LLM Guardr41l
A VS Code extension that prevents LLMs from making unsolicited changes to your codebase by enforcing user-defined rules, validating outputs with diffs, and requiring approvals for changes.
No API key required! LLM Guardr41l monitors code changes from any source - GitHub Copilot, Claude, Cursor, ChatGPT pastes, or any other AI tool. It works by watching your editor for changes, not by intercepting API calls. API keys are only needed for the optional "Generate Code" feature.
Features
Core Features
- Real-time Change Monitoring: Automatically detects code changes from any source (Copilot, Claude Code, Cursor, ChatGPT pastes, etc.) and validates them against your rules
- Rule Configuration: Define rules in a
rules.yaml file to control how LLMs can modify your code
- Prompt Guardrails: Automatically inject rule directives into LLM prompts
- LLM Proxy: Support for OpenAI and Anthropic APIs with rule-aware code generation
- Diff Validation: Compare original vs. generated code and flag rule violations
- UI Preview: Visual diff preview with highlighted changes and approval workflow
- Auto-Revert: Automatically revert rejected changes to maintain code integrity
- Logging: Track all LLM interactions and approvals in a JSON log file
v0.2.0 Features
- Inline Diagnostics: Violations appear as squiggly underlines in the editor and in the Problems panel - no more intrusive popups
- Metrics Dashboard: View approval rates, violation trends, and top violated rules in an interactive dashboard
- Project-Aware Defaults: Auto-scan your project's
package.json, .eslintrc, and tsconfig.json to generate smart rules
- Learn from Rejections: The extension tracks rejection patterns and suggests new rules after repeated rejections
v0.3.0 Features
- Quick Fix Actions: Click the lightbulb on any violation to add dependencies to allowlist, remove from forbidden list, adjust thresholds, or dismiss violations
- Per-folder Rule Overrides: Create
.llm-guardrail.yaml files in subdirectories to extend, replace, or disable rules for specific parts of your codebase
- Undo Rejection: Accidentally rejected a change? Use
Guardrail: Undo Last Rejection to restore it
Installation
From VS Code Marketplace (Recommended):
- Open VS Code
- Go to Extensions (Cmd+Shift+X or Ctrl+Shift+X)

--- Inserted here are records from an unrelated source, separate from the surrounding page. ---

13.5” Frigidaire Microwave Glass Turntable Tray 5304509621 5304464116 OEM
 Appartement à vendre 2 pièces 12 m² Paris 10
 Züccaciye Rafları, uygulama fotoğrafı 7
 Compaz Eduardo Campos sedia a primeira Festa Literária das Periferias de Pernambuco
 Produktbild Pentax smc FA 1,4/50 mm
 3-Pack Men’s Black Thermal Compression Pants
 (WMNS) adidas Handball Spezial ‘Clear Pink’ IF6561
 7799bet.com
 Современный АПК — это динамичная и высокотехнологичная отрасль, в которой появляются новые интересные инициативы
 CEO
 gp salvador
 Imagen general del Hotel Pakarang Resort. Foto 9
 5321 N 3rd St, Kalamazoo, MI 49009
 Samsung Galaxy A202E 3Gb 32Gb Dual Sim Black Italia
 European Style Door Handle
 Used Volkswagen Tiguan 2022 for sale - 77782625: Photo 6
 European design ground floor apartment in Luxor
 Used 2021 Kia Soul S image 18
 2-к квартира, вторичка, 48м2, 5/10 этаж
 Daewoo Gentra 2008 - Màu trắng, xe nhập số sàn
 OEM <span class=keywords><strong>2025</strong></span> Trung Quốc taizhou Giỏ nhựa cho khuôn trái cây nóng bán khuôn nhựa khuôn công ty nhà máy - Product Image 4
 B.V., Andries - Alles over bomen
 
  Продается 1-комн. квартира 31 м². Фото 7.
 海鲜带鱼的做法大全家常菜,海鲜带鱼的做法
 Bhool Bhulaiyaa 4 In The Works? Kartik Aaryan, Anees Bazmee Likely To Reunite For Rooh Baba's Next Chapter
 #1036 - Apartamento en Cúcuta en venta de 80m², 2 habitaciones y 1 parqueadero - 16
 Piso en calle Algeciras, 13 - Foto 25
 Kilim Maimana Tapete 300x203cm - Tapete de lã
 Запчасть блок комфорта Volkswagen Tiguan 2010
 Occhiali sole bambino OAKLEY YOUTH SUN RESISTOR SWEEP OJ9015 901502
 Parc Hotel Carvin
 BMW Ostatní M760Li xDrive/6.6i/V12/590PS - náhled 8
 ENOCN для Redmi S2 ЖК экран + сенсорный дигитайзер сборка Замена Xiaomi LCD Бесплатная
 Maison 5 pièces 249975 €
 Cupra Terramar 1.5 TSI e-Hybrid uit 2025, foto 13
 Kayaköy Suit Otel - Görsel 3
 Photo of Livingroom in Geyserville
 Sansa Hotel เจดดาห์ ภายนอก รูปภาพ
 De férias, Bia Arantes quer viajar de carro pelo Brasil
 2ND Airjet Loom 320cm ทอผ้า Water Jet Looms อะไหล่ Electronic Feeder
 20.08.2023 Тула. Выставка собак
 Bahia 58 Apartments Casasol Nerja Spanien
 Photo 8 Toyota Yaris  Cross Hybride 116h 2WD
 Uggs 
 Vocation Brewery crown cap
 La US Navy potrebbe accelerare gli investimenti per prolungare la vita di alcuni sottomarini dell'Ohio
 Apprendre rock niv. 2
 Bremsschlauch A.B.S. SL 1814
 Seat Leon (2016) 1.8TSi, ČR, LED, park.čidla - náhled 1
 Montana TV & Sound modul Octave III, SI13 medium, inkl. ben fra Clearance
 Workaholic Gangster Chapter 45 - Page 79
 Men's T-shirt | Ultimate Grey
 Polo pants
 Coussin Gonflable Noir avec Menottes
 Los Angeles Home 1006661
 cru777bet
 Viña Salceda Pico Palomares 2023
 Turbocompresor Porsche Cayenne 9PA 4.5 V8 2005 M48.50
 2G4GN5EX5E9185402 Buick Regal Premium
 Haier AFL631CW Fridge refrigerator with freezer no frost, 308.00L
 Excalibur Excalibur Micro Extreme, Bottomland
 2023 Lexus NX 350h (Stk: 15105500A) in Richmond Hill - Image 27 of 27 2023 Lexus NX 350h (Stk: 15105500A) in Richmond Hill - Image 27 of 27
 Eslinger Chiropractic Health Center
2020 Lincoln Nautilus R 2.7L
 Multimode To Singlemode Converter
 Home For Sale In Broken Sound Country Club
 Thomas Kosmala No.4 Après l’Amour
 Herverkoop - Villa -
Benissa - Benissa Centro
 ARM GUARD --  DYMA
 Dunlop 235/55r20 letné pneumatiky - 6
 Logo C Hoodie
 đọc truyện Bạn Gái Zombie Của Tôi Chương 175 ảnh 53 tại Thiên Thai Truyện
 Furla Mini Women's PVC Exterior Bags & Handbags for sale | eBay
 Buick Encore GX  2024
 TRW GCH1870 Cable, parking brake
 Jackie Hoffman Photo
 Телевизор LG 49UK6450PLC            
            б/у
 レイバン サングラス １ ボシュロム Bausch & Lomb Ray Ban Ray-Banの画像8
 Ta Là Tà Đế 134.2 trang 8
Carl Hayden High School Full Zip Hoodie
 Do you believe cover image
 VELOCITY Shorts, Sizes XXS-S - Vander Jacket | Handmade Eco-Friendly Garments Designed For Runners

- Search for "LLM Guardr41l"
- Click Install
From VSIX file:
- Download the
.vsix file
- In VS Code, go to Extensions
- Click the
... menu → "Install from VSIX..."
- Select the downloaded file
Configuration
API Keys
Set your API keys in VS Code settings:
- Open VS Code Settings (
Cmd+, or Ctrl+,)
- Search for "LLM Guardrail"
- Enter your API key:
llm-guardrail.openaiApiKey: Your OpenAI API keyllm-guardrail.anthropicApiKey: Your Anthropic API key
Or set them as environment variables:
OPENAI_API_KEYANTHROPIC_API_KEY
Settings
| Setting |
Default |
Description |
llm-guardrail.provider |
openai |
LLM provider (openai or anthropic) |
llm-guardrail.model |
gpt-4o |
Model to use |
llm-guardrail.openaiApiKey |
|
OpenAI API key |
llm-guardrail.anthropicApiKey |
|
Anthropic API key |
llm-guardrail.logPath |
.llm-guardrail/logs.json |
Path to log file |
llm-guardrail.monitorEnabled |
true |
Enable automatic monitoring of code changes |
llm-guardrail.monitorMinLines |
3 |
Minimum lines changed to trigger review |
llm-guardrail.monitorMinChars |
50 |
Minimum characters changed to trigger review |
llm-guardrail.monitorDebounceMs |
500 |
Debounce delay before processing changes |
llm-guardrail.monitorAutoRevert |
true |
Auto-revert changes when rejected |
llm-guardrail.monitorIgnoredPatterns |
["*.md", "*.json", ...] |
File patterns to ignore |
llm-guardrail.suggestionThreshold |
3 |
Number of rejections before suggesting a new rule |
llm-guardrail.dashboardPeriodDays |
30 |
Default time period for the metrics dashboard |
Rules Configuration
Create a rules.yaml file in your project root to define guardrails:
rules:
# Scope isolation - restrict changes to specific files/functions
- type: scope
description: "Only modify the authentication module"
files: ["src/auth/*.ts"]
functions: ["login", "logout", "validateToken"]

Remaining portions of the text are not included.